Eugen Leitl eugen at leitl.org
Wed Dec 2 10:00:39 UTC 2009


On Tue, Dec 01, 2009 at 03:25:21PM -0800, Keith Henson wrote:

> I am irritated by the whole thing.

Not just you. I'm entirely unsurprised, because this is how
people always address a crisis. See Jared Diamond's
"Collapse" for plenty of examples.

The only difference this time is that the crisis is global, not
local.
 
> What we have is people endlessly arguing about the ship rusting or not
> and if this will sink it in 50 to 100 years in the future.  Meanwhile
> there is a torpedo in the water headed for the ship.
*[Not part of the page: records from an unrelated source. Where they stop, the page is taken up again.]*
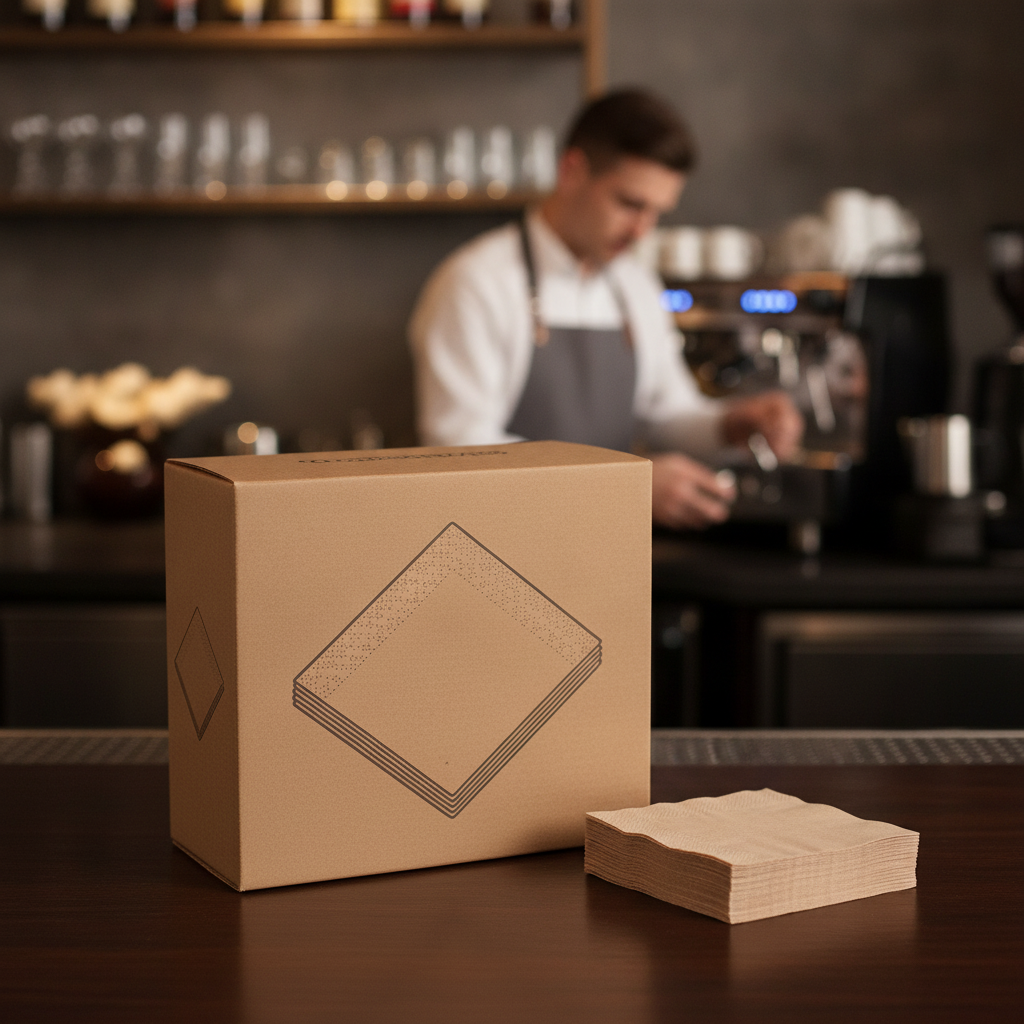 Recycled Paper Cocktail Napkins 24x24cm for Pubs & Restaurants (Pack of 4000)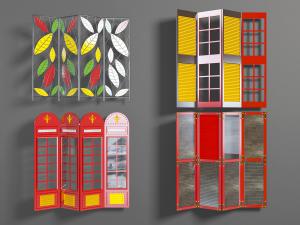 工业风树叶装饰的可折叠屏风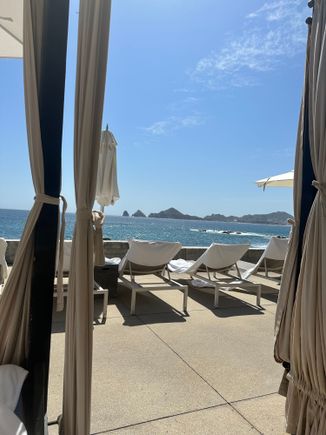 Cabana view from the smaller pool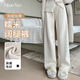 FitonTon glutinous rice pants women's autumn and winter plus velvet thickened casual pants women's 2025 new soft glutinous high waist drape straight wide leg pants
Good metaphor. We need to initiate a immediate change of course,
at full machine power. Anything less won't bring us out of
harm's way.
 
> Running out of cheap energy is a far more serious matter than climate
> change and will happen sooner.  That has to be solved to avert famines
> and resource wars.

We're arguably in resource war regime already. It's just small scale 
mostly (with the exception of the US), but if it reaches China, India, 
Arabia, Africa, North America it's going to get arbitrarily ugly.
 
> There are no long term solutions to this problem that involves
> endlessly putting carbon in the air so any solution to the problem
> must involve displacing fossil fuel with some less expensive source of
> energy.

D'accord. 1000%.
 
> Nuclear, SBSP, or some new method, however we solve the energy
> problem, we also solve the climate problem to whatever extent it is
> real and to whatever extent the problem is caused by humans.  If CO2
> is a problem in 30-40 years, we can pull it out of the atmosphere to
> any degree we want (300 TW years will take out 100 ppm).
> 
> I.e., it doesn't matter a bit if the data has been fudged or not.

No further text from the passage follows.